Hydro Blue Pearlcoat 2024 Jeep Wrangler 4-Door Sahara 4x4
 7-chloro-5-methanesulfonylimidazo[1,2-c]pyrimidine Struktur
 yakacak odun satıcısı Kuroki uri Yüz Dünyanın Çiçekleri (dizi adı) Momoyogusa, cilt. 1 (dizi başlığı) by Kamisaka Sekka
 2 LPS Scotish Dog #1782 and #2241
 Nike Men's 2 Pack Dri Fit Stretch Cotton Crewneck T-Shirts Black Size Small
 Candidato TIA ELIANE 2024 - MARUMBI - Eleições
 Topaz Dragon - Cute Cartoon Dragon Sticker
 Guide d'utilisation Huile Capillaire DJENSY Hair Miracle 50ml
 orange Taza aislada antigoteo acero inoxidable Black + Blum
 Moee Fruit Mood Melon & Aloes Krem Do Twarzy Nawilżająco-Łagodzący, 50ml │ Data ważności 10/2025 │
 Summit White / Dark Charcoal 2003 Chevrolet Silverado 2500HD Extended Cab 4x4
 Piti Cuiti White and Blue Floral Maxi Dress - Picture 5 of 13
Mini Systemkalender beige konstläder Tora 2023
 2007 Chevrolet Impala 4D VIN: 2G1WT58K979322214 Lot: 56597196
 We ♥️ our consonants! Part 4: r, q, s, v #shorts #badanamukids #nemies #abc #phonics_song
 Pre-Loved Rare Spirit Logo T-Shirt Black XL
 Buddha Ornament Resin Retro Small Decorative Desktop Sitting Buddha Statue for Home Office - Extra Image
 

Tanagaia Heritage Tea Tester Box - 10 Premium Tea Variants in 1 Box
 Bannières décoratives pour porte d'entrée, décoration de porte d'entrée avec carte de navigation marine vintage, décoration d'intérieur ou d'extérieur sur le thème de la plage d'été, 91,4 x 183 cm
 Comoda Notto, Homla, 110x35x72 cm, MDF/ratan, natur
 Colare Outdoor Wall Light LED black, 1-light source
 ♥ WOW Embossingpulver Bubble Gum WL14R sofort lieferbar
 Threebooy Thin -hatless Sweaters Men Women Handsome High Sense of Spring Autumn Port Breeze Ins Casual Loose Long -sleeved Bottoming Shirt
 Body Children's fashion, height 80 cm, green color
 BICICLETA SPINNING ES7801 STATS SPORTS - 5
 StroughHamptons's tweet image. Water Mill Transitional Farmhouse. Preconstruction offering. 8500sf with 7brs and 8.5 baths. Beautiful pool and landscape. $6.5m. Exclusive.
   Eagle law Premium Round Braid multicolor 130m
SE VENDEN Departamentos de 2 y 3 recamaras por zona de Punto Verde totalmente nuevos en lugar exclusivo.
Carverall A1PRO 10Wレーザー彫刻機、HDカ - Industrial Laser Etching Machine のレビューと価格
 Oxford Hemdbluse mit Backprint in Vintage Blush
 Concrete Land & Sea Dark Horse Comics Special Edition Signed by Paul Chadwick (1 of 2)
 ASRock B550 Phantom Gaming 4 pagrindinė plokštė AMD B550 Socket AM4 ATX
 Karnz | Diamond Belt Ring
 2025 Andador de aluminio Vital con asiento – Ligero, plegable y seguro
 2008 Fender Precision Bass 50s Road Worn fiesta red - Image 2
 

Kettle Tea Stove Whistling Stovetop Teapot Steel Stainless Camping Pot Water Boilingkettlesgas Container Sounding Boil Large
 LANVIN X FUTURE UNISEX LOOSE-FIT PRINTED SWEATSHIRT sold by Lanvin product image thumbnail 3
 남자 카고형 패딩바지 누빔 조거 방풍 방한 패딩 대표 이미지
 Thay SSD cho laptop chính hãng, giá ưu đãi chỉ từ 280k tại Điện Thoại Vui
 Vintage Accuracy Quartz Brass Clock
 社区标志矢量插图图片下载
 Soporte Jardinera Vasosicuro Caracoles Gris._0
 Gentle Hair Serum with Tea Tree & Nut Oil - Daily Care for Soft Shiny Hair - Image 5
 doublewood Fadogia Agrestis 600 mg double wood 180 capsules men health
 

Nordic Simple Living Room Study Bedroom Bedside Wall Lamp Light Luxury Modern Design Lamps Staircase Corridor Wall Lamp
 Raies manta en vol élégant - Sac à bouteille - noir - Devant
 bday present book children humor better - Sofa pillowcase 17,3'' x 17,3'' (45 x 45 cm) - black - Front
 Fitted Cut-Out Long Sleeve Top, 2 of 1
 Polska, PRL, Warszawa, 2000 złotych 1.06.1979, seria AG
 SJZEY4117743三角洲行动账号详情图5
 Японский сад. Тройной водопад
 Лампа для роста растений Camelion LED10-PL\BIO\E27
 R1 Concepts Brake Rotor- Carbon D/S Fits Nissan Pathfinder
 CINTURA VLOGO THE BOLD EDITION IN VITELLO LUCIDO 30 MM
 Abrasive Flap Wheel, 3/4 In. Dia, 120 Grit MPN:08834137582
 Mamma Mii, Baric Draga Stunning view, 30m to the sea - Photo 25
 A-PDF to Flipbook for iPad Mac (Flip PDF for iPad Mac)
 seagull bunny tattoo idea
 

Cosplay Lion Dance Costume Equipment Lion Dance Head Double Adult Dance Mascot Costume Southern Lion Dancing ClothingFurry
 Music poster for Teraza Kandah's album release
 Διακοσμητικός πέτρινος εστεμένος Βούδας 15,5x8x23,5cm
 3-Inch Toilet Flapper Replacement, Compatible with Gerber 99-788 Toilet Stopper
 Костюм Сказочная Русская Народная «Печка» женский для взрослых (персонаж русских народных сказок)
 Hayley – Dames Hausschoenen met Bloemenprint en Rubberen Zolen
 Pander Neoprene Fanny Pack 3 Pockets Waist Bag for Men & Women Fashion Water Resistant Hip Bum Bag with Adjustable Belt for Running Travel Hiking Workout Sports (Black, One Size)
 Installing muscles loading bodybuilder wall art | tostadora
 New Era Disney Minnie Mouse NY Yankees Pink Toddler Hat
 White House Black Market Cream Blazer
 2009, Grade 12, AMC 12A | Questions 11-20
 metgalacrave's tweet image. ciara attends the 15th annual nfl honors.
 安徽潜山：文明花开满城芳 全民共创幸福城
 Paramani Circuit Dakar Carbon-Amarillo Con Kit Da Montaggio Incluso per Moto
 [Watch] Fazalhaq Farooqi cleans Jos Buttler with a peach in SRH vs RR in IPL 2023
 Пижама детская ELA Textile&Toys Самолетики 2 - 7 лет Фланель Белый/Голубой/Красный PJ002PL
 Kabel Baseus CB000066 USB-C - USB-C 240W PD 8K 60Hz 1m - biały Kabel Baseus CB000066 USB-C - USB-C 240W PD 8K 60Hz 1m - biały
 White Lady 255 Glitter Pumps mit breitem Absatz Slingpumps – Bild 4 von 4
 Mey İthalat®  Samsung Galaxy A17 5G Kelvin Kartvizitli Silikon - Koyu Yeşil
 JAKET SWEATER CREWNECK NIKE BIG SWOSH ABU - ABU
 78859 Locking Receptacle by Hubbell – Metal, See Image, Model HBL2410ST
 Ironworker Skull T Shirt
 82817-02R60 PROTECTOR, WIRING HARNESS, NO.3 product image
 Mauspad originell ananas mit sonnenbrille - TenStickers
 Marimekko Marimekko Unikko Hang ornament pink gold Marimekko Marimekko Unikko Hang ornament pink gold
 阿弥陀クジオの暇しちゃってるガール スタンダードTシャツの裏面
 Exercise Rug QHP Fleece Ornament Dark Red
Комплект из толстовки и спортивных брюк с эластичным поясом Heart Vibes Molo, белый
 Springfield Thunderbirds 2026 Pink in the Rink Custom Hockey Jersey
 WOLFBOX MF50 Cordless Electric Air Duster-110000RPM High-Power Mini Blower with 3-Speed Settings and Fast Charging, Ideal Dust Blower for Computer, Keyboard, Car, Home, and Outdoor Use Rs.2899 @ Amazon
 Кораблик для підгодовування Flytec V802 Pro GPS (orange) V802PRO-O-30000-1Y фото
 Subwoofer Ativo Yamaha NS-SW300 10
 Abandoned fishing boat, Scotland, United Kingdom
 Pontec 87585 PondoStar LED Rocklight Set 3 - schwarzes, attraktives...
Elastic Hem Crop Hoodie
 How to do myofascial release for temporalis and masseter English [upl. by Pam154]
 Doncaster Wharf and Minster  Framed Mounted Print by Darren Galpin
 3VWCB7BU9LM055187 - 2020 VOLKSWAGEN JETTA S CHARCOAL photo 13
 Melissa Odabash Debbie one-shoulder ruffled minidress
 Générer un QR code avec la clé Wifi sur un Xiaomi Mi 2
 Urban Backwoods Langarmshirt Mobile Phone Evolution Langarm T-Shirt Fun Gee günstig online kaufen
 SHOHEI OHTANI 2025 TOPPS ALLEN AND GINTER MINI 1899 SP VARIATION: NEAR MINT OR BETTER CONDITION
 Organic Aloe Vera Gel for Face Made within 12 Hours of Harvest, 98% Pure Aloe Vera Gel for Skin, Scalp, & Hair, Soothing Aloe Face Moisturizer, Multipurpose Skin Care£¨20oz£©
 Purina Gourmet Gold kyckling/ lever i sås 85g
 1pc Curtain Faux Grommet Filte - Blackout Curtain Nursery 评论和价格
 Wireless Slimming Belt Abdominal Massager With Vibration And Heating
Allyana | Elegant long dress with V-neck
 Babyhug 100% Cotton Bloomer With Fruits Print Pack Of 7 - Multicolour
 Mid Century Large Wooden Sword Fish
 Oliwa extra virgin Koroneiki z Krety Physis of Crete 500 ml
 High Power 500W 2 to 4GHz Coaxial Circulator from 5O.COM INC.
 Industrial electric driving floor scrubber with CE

=======

* **Exercise brief**:
Go to the line in the material above that contains "seagull bunny tattoo idea" and copy exactly from there through the line that contains "Hayley – Dames", stopping after it.

* **Completed exercise**:
 seagull bunny tattoo idea
 

Cosplay Lion Dance Costume Equipment Lion Dance Head Double Adult Dance Mascot Costume Southern Lion Dancing ClothingFurry
 Music poster for Teraza Kandah's album release
 Διακοσμητικός πέτρινος εστεμένος Βούδας 15,5x8x23,5cm
 3-Inch Toilet Flapper Replacement, Compatible with Gerber 99-788 Toilet Stopper
 Костюм Сказочная Русская Народная «Печка» женский для взрослых (персонаж русских народных сказок)
 Hayley – Dames Hausschoenen met Bloemenprint en Rubberen Zolen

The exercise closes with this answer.